10. The method according to claim 8, characterized in that Determining a target pixel value of the j-th pixel point according to the pixel value of the j-th pixel point, the atmospheric light value, the ambient light value, and the transmittance includes: determining a sum of the ambient light value and the atmospheric light value as a fourth parameter value; determining a difference between the second value and the transmittance as a first difference; determining a product of the fourth parameter value and the first difference value as a third product; Determine a difference between the pixel value of the j-th pixel and the third product as a second difference; determining a ratio of the second difference to the transmittance as a first pixel value; determining a difference between the first pixel value and the fourth parameter value as a second pixel value; The target pixel value of the j-th pixel point is the first pixel value or the second pixel value.
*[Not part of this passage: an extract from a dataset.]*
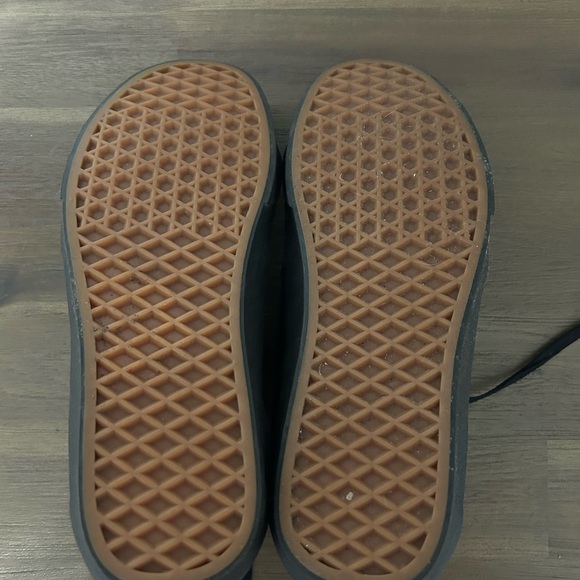 Vans - Picture 7 of 7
11. A device for processing an image, characterized in that: include: An acquisition module is used to acquire an original image obtained by photographing the target object; an operation module, configured to perform a reflection component operation on the three primary colors of each pixel point of the original image to obtain a reflection component of each pixel point, wherein the three primary colors are pixel values ​​of the pixel point on the three primary color channels respectively; a determination module, configured to determine a target reflectance chromaticity diagram of the original image according to the reflectance component; A processing module is configured to perform reflection suppression processing on the original image using the target reflection chromaticity diagram to obtain a target image, so as to identify the target object through the target image.

12. A computer-readable storage medium, characterized in that The computer-readable storage medium stores a computer program, wherein the computer program implements the steps of the method according to any one of claims 1 to 10 when executed by a processor.

13. An electronic device comprising a memory and a processor, characterized in that: A computer program is stored in the memory, and the processor is configured to run the computer program to perform the method according to any one of claims 1 to 10.

14. A computer program product comprising a computer program, characterized in that When the computer program is executed by a processor, the steps of the method according to any one of claims 1 to 10 are implemented.